The example above uses an ontology “SNet-Foundation-Ontology-1.3” to define the various terms in the formal request. In general the SingularityNET may contain multiple ontologies, each containing a common set of terms that different Agents can use for communication. Initially the SingularityNET Foundation will supply a standard Ontology but the plan is that ultimately ontologies will be proposed and maintained in a fully decentralized way. In the workflow described here, the choice of which ontologies to be used in creating formal requests is to be made by the NLP2API Agents. Such Agents will need to support the ontologies in wide use among the AI Agents performing tasks, or they won’t be useful. Anyone proposing a new ontology will do well to provide NLP2API Agents utilizing it, or to convince existing and popular NLP2API Agents to utilize it.

Once there is a formal request, it can be matched against the APIs supported by various AI Agents in the network. This matching will be done by a Discovery Agent. Initially, the SingularityNET Foundation will supply Discovery Agents that will carry out requests free of charge. Later on others may supply alternative Discovery Agents, operating either free of charge or for a fee.

To briefly elaborate the kind of matching to be carried out by Discovery Agents, consider again the task in the above example, which may be summarized as

eval(“identify and label”_SNFO1.3, “stream.image”_SNFO1.3, “human face”_SNFO1.3)

Supposing that a certain AI Agent A123 supports an API that is described according to SNet-Foundation-Ontology-1.3 as

eval(“identify and describe”_SNFO1.3, “stream.image”_SNFO1.3, “human face”_SNFO1.3)

Then based on the logical inheritance

identify and describe ==> identify and label

it may be concluded that A123 can fulfill the request in question.

On the other hand, suppose that a certain AI Agent A345 supports an API that is described according to SNet-Foundation-Ontology-1.3 as

eval(“identify and describe”_SNFO1.3, “stream.image”_SNFO1.3, “object”_SNFO1.3)

Then based on the logical inheritances

identify and describe ==> identify and label

human face ==> object

it could be concluded that A345 can fulfill the given request also.

But here the subtlety of the SingularityNET rating system comes into play. Sometimes algorithms that are good at generic object labeling in images, are still not the best at recognizing faces in images. So then it would be intelligent to check whether there is information about the reputation of A345 specifically for tasks such as

eval(“identify and describe”_SNFO1.3, “stream.image”_SNFO1.3, “human face”_SNFO1.3)

or

eval(“identify and label”_SNFO1.3, “stream.image”_SNFO1.3, “human face”_SNFO1.3)

The Agents’ reputations in regard to these various task descriptions, with their varying levels of specificity, must be intelligently merged together.

In this example the inference involved in matching customer requests with Agents’ task descriptions is quite simple. In other cases the descriptions and inferences may get more complex.

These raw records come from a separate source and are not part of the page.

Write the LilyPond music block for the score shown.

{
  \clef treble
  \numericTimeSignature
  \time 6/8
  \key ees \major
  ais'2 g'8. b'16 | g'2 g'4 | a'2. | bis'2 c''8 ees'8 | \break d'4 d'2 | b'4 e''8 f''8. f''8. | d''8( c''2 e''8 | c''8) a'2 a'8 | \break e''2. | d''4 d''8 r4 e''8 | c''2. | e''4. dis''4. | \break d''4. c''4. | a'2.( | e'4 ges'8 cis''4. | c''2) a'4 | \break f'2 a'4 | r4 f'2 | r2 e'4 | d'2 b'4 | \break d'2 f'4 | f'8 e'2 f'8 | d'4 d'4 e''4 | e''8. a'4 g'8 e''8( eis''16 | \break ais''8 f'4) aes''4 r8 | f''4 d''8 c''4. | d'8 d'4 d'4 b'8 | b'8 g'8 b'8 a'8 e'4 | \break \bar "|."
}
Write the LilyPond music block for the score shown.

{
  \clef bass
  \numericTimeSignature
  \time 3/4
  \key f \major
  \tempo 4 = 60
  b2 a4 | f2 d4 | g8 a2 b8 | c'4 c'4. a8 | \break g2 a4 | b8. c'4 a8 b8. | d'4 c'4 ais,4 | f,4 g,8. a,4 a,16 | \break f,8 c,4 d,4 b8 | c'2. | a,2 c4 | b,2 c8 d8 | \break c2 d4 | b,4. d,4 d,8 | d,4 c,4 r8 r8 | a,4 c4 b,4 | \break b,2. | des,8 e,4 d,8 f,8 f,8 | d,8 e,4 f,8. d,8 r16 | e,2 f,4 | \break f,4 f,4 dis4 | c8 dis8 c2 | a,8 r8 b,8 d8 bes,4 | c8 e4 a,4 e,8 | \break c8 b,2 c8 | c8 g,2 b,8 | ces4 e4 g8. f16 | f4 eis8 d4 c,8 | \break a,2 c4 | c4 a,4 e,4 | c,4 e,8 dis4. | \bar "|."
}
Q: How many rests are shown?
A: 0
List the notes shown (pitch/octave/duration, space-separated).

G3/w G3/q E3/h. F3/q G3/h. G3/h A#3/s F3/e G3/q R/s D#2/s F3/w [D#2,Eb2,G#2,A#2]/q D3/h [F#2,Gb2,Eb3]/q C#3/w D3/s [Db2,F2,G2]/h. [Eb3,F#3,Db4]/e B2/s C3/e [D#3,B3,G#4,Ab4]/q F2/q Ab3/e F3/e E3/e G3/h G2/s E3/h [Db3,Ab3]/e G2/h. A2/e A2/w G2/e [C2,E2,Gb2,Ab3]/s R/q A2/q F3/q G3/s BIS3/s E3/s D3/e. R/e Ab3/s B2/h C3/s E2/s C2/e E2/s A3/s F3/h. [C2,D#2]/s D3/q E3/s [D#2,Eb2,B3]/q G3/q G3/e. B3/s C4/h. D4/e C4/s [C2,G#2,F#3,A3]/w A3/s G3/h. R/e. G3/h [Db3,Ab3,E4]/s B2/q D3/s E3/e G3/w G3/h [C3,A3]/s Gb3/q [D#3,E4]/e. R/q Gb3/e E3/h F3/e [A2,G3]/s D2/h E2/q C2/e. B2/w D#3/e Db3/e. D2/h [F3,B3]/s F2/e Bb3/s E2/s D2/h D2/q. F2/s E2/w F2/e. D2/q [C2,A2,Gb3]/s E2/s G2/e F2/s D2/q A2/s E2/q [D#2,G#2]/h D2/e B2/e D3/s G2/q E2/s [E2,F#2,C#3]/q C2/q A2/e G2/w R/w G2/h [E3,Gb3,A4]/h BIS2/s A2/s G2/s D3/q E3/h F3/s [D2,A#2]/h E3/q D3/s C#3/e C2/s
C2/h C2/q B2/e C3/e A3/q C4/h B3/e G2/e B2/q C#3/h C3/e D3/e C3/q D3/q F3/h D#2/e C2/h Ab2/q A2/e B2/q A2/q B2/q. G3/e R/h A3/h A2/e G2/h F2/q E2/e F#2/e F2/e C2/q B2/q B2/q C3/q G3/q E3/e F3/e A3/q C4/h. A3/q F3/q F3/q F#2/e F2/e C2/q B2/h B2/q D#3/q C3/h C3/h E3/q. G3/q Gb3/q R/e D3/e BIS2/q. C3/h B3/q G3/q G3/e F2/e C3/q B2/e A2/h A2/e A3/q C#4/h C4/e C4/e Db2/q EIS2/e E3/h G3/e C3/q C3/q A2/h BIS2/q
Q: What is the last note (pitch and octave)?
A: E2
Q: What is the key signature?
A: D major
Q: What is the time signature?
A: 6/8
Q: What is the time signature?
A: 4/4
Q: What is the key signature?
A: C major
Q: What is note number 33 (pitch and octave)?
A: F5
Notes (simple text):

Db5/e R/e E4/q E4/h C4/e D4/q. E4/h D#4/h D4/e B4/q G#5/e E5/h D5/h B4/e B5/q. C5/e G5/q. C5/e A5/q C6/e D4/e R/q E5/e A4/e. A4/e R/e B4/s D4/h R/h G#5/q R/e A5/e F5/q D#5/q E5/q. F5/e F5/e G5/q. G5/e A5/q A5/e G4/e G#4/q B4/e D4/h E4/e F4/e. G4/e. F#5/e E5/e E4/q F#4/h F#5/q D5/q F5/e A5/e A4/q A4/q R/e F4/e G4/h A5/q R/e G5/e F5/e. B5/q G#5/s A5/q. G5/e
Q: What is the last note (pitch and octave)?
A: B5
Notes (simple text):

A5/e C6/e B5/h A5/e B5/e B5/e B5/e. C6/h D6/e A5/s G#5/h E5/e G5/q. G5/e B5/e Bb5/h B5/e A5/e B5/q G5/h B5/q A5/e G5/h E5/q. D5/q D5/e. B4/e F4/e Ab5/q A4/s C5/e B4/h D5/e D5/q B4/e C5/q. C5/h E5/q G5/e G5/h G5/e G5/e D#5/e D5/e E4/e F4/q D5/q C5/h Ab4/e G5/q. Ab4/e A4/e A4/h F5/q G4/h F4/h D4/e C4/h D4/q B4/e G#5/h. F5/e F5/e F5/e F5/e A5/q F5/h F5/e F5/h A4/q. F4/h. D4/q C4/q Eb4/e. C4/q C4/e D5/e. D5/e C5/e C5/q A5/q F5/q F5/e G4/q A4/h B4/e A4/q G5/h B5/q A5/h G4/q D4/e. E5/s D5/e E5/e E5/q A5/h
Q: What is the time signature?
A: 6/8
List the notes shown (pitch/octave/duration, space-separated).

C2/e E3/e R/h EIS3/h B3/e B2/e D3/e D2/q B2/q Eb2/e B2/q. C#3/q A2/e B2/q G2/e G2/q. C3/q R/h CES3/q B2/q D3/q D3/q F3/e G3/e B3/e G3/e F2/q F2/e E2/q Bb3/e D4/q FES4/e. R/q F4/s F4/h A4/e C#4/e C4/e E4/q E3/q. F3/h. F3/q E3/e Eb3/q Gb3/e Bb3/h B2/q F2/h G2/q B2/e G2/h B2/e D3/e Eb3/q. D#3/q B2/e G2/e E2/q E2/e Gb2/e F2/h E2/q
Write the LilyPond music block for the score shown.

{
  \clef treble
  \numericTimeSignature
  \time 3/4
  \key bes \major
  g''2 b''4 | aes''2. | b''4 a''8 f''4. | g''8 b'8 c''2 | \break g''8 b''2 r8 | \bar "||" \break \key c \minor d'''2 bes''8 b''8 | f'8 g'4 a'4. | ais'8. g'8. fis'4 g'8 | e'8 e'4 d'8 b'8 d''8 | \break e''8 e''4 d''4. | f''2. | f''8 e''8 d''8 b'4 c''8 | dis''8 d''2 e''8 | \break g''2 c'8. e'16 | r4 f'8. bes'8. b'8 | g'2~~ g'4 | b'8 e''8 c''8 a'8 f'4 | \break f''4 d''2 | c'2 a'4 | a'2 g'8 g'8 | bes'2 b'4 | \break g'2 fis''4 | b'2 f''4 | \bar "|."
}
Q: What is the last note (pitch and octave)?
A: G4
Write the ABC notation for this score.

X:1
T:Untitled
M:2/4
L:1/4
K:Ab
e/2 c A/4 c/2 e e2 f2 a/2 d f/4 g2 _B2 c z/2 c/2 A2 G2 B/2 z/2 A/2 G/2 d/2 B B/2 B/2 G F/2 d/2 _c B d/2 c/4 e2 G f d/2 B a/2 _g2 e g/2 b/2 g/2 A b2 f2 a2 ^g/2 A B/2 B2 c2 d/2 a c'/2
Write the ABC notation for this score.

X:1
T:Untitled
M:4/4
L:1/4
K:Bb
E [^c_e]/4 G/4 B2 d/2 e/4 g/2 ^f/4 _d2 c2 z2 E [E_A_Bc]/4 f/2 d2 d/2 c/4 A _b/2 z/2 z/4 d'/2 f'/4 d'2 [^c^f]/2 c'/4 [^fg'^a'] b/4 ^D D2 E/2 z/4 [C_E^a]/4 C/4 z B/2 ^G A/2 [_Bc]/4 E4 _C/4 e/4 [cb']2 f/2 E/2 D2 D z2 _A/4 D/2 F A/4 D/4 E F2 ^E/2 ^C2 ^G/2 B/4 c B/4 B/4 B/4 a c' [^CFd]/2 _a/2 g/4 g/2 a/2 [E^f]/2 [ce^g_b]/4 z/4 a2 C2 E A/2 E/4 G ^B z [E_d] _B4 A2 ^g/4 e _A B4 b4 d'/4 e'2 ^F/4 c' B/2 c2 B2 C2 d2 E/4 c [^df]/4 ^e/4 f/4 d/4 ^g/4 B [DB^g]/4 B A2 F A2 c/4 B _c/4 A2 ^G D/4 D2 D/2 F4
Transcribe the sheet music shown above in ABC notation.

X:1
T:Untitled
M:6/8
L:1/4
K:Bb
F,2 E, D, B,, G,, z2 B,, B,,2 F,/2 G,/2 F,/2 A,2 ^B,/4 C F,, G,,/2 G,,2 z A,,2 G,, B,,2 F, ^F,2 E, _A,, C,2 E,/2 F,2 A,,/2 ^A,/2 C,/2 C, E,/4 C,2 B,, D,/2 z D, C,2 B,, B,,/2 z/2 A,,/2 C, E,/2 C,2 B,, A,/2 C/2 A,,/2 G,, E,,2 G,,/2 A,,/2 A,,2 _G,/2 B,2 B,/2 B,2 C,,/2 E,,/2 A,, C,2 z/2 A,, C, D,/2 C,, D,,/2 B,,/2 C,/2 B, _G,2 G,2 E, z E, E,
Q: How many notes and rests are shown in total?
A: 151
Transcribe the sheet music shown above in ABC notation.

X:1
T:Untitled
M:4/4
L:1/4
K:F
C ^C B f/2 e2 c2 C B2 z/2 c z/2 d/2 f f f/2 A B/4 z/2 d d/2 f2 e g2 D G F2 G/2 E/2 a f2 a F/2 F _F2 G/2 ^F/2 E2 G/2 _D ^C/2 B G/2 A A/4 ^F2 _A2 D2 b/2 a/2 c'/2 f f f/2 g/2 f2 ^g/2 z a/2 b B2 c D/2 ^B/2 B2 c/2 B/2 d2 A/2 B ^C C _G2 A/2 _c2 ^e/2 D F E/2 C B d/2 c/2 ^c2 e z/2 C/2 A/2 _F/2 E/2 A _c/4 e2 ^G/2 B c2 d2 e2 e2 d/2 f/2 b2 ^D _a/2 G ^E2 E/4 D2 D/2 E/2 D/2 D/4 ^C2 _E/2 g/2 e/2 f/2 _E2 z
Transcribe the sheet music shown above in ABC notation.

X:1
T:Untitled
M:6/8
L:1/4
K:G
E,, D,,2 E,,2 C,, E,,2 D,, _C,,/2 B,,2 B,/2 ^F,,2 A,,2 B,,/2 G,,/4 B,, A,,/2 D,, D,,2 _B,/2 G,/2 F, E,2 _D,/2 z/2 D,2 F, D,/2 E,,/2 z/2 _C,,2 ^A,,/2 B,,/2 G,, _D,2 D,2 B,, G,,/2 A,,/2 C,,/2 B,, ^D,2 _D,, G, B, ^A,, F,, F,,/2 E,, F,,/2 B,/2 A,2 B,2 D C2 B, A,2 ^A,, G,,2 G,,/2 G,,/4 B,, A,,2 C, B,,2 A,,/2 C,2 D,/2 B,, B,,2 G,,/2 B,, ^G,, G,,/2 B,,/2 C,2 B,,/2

Ultimately we arrive at the problem of type inheritance in functional programming languages with dependent types. Fortunately, though, this problem is already solved with reasonable generality, and solutions are embodied in languages such as Agda. This inheritance problem can be done fairly straightforwardly using OpenCog’s URE rule engine. The merging of reputation scores associated with different tasks, with various relationships to each other, can be addressed by OpenCog’s PLN logic engine, which can take into account the probabilistic overlaps between functions and concepts.